See file ``synfig-core/src/synfig/surface.cpp``.

Tasks exchange pixels using Surfaces. Tasks do not write to Targets directly. They write on Surfaces given to them by the Targets. Surfaces store actual pixel data. For OpenGL, a surface is like a Framebuffer.

The ``Surface`` base class only declares essential virtual functions like ``create_vfunc`` for creating a new Surface of this type, ``assign_vfunc`` for assigning data from another surface to this surface, etc.
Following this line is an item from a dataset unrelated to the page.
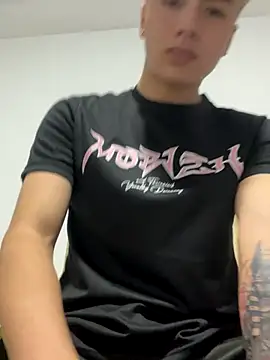 Snapshot of AlexanderCollman chatting on November 28, 7:49 pm AlexanderCollman online show from November 28, 7:49 pm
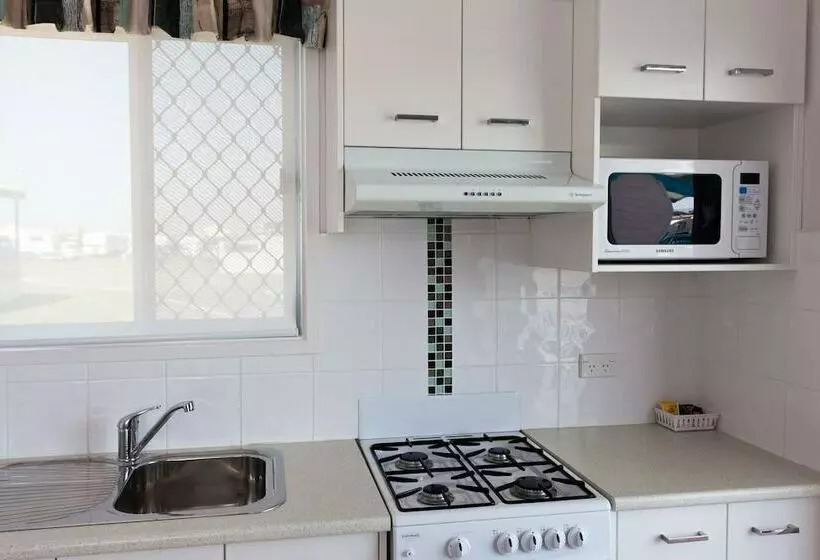 Hotelli Corrimal Beach Tourist Park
Since the Cobra engine is multi-threaded and supports different render engines(ex. software and hardware), there are a few requirements that Surfaces must meet:

* Reading and writing from multiple threads with proper locking mechanisms must be possible.
* There should be an easy way to convert Surfaces from one type to another.

Thread-Safety
-------------

Synfig ensures thread-safety of Surfaces using ``std::mutex`` and ``Glib::Threads::RWLock``. (We use ``Glib::Threads::RWLock`` because we still support C++11 and unfortunately it doesn't have the same primitive). To keep locking Surfaces simple, these are not used directly but by ``SurfaceResource::LockBase``. To safely read from a Surface, all you need to do is:

.. code-block:: cpp

SurfaceResource::LockRead<SurfaceSW> lock(resource); // read locks the surface, unlocks on going out of scope(desctructor called)

const Surface surface = lock->get_surface(); // calls get_surface() of SurfaceSW

Conversion
----------

``SurfaceResource`` can store more than one surface. But only one of each type, i.e., when ``SurfaceResource::get_surface`` and ``SurfaceResource(surface)`` is called, it stores the surface in a map where ``surface->token`` is the key. ``surface->token`` is like a string used to distinguish/name surfaces of different types. Token is static for each surface.

Conversion is mainly done by ``SurfaceResource::get_surface``. It takes multiple arguments, but its main job is to attempt to convert any available surfaces from the map into the requested surface type. It stores the conversion in the same map. When a lock is created, it converts the passed resource to the type argument and stores it.

This pattern of using tokens to distinguish between types and convert from one to another can be seen multiple times in Synfig. See :ref:`renderer_tasks`; tasks use a similar pattern.